Update: Meeting between Pope Francis and President Biden did not happen

bidenandpopefrancis2016 Pope Francis greets then-U.S. Vice President Joe Biden at the Vatican in this April 29, 2016. | Vatican Media

In a story June 14, 2021, about Joe Biden and Pope Francis, the Catholic News Agency, based on information provided by a source, erroneously reported that the U.S. President would meet with the pope on June 15. According to Vatican sources June 15, there is no meeting currently scheduled between Pope Francis and President Joe Biden.

A corrected version of the story is below:

President Joe Biden’s attendance at early morning Mass with Pope Francis was nixed from an early plan for the first meeting of both leaders, a reliable Vatican source told CNA.

President Biden is currently in Europe for several high level meetings, offering a potential opportunity to meet with Pope Francis. According to Vatican sources June 15, there is no meeting currently scheduled between the two men.

The President’s entourage had originally requested for Biden to attend Mass with the pope early in the morning, but the proposal was nixed by the Vatican after considering the impact that Biden receiving Holy Communion from the pope would have on the discussions the USCCB is planning to have during their meeting starting Wednesday, June 16.

The U.S. bishops are slated to vote on creating a committee that would draft a document about Eucharistic coherence.

President Biden is in Europe for several high-level meetings.
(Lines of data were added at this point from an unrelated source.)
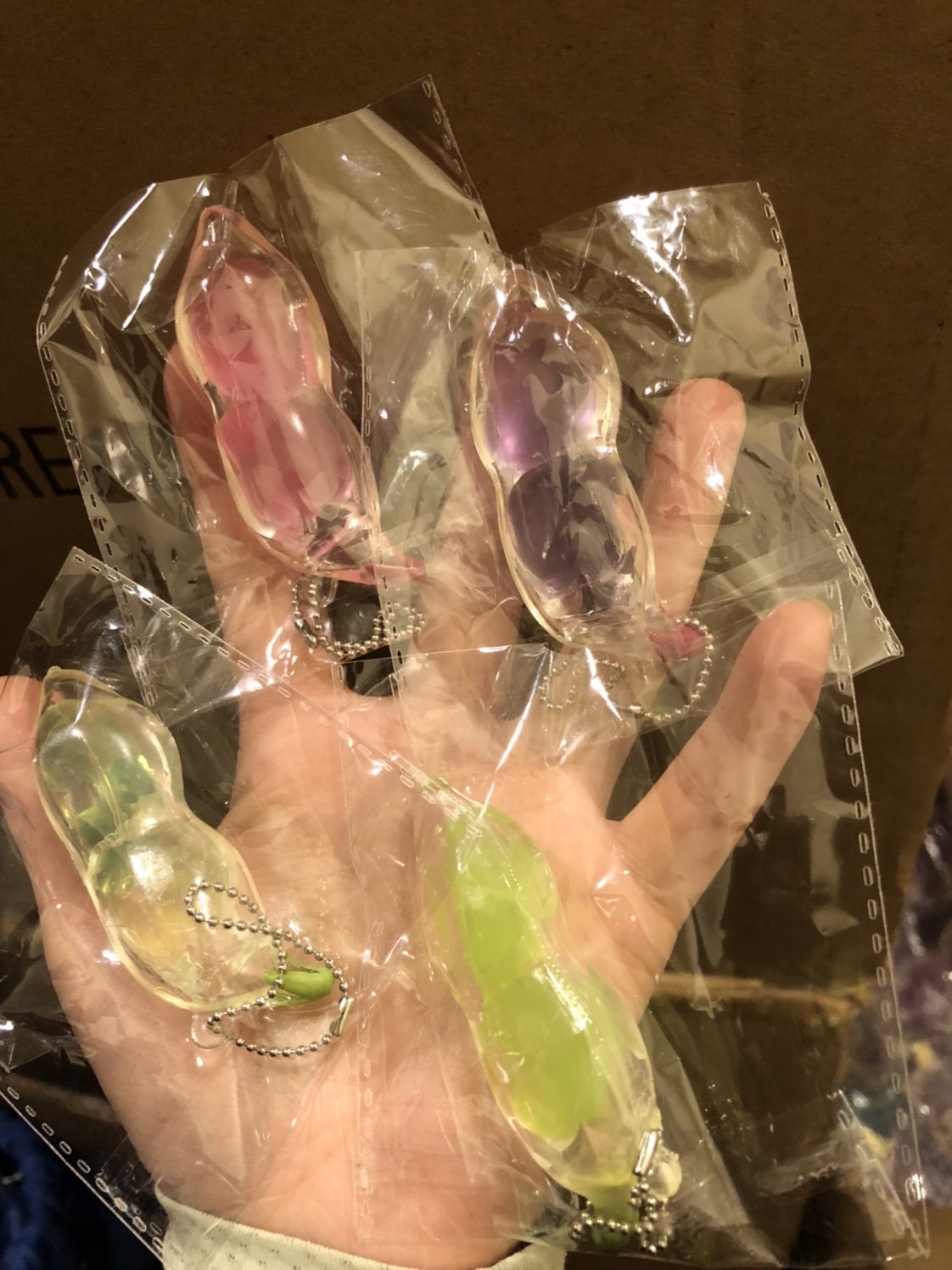 可以挤出两颗豆子哦^_^透明软软双豆子挤挤挂件（消耗品慎拍哇）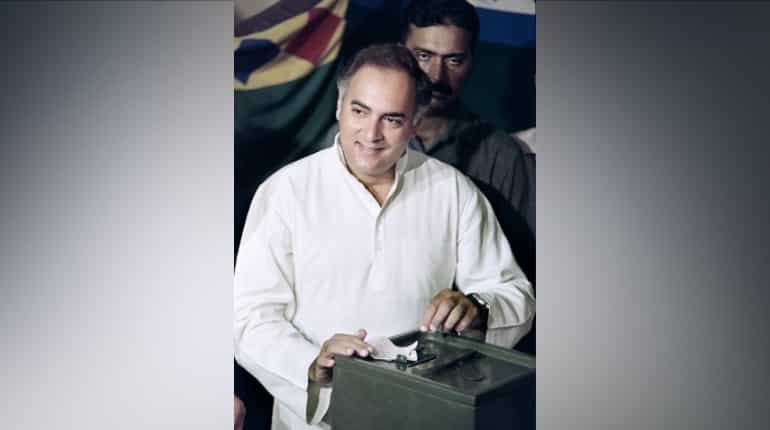 Rajiv Gandhi casts his ballot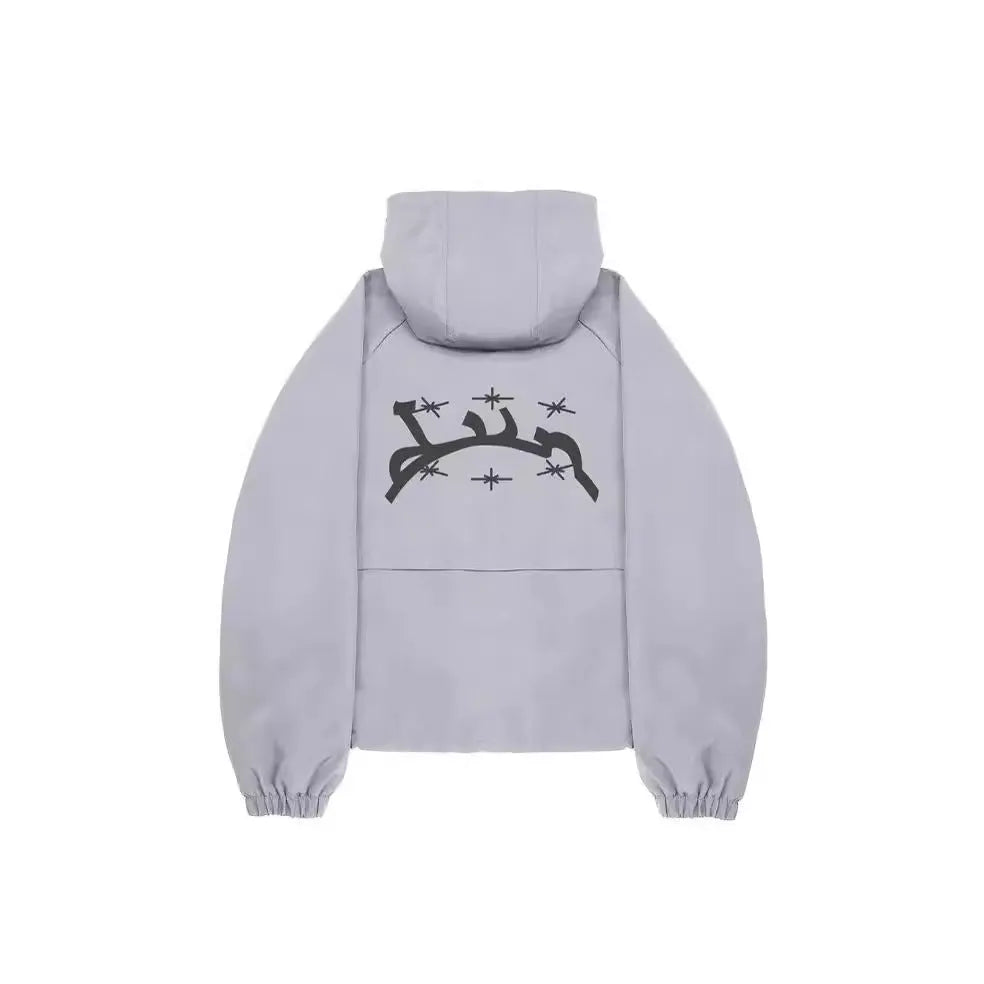 Men's grey British-style hooded sunscreen jacket with loose-fitting polyester construction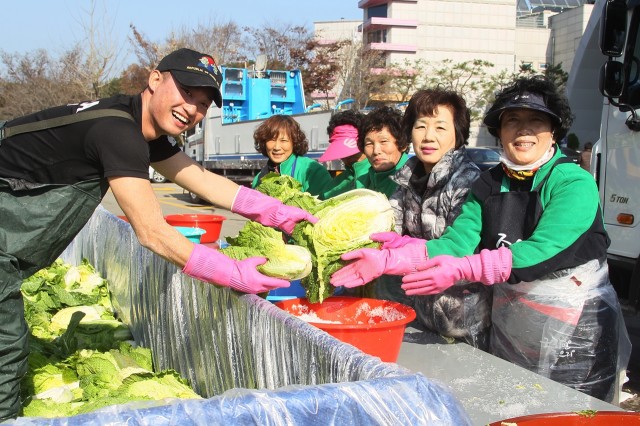 고성군, 8천포기 김장김치로 이웃사랑 나눕니다 (2).JPG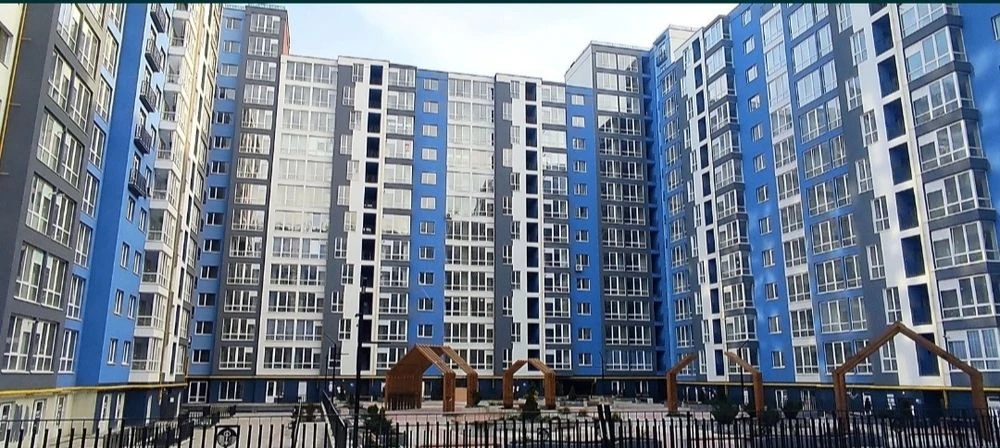 2 кімнатна ЖК Княгинин (Обмін на машину) Центр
After attending the G7 summit in Cornwall, England, he traveled to Brussels, Belgium. He wil then fly to Geneva, Switzerland, for his scheduled summit with Russian President Vladimir Putin on June 16.

Then U.S. Vice President Biden met with Pope Francis for the first time in September 2015, when the pope visited the United States to attend the World Meeting of Families in Philadelphia.

The following year, on April 29, 2016, Biden went to the Vatican for a summit on regenerative medicine, where he praised Pope Francis and advocated for a global push to cure cancer.

Biden opened his speech at the Vatican by recalling how, while visiting the United States the previous September, Pope Francis had comforted him after the loss of his eldest son Beau, who passed away the previous summer at the age of 46 from brain cancer.